> [What to work on]: Write the records out again exactly, leaving no images in.

[Short descriptive text snippets]
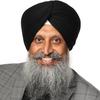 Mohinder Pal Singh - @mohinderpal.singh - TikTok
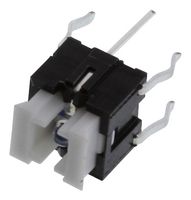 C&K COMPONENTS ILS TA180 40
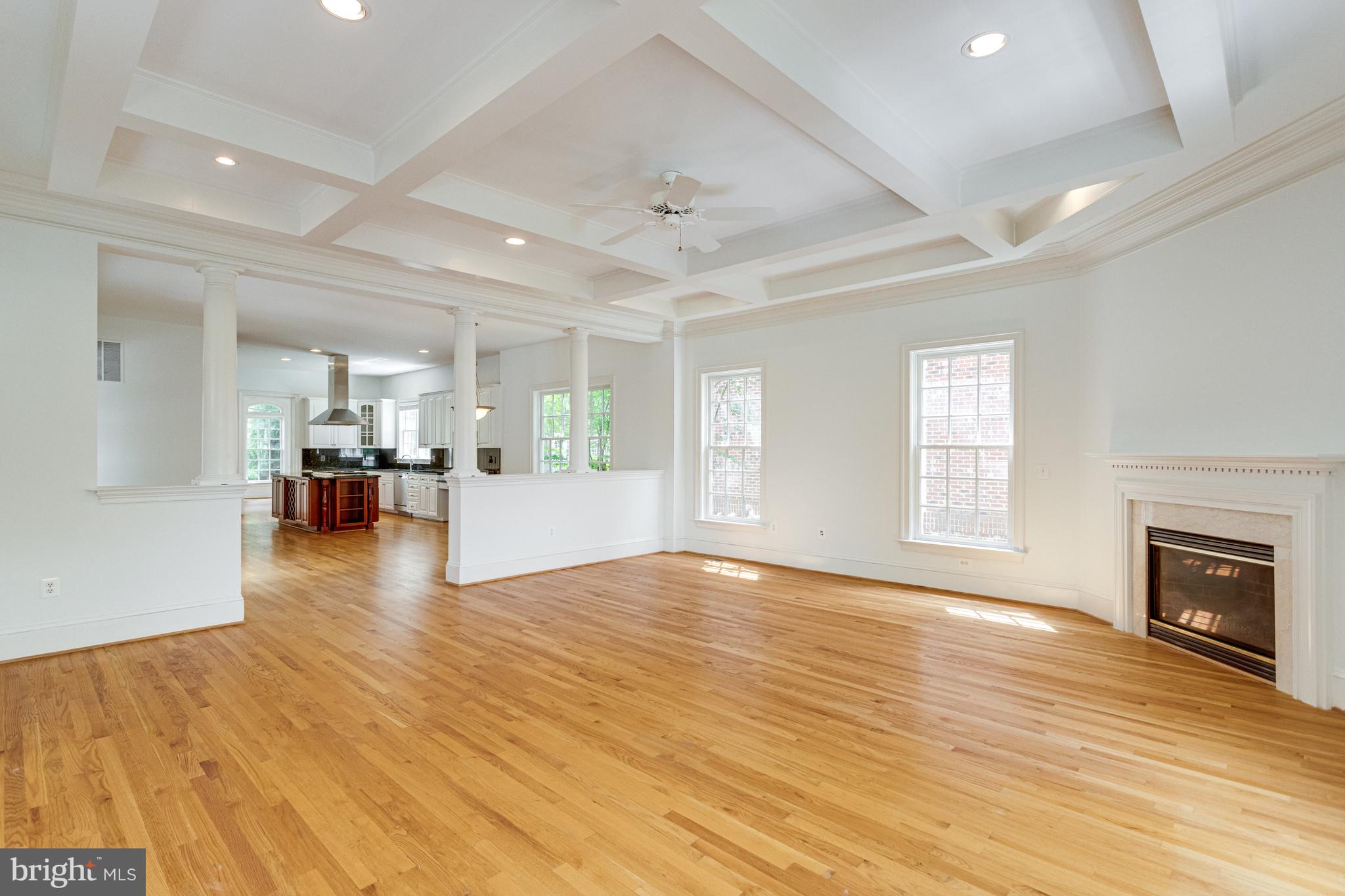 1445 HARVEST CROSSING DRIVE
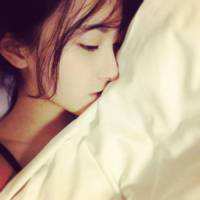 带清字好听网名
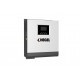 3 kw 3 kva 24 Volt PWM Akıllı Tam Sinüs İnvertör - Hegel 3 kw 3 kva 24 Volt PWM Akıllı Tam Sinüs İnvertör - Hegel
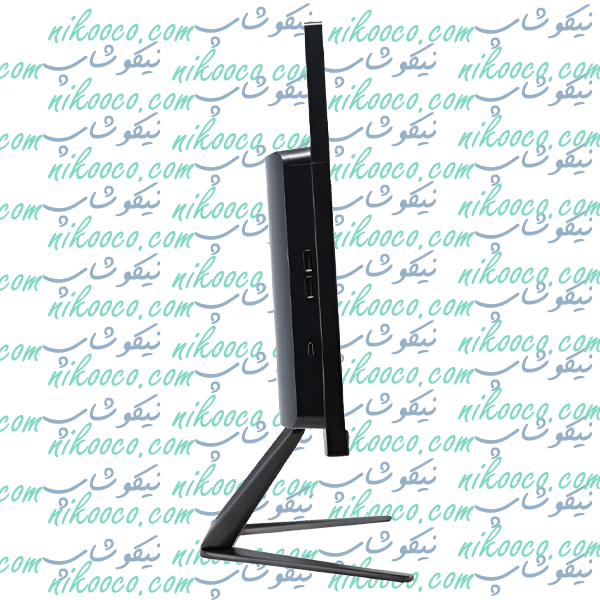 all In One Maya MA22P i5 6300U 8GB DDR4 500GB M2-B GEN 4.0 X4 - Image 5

> [Final answer]:
 Mohinder Pal Singh - @mohinderpal.singh - TikTok
 C&K COMPONENTS ILS TA180 40
 1445 HARVEST CROSSING DRIVE
 带清字好听网名
 3 kw 3 kva 24 Volt PWM Akıllı Tam Sinüs İnvertör - Hegel 3 kw 3 kva 24 Volt PWM Akıllı Tam Sinüs İnvertör - Hegel
 all In One Maya MA22P i5 6300U 8GB DDR4 500GB M2-B GEN 4.0 X4 - Image 5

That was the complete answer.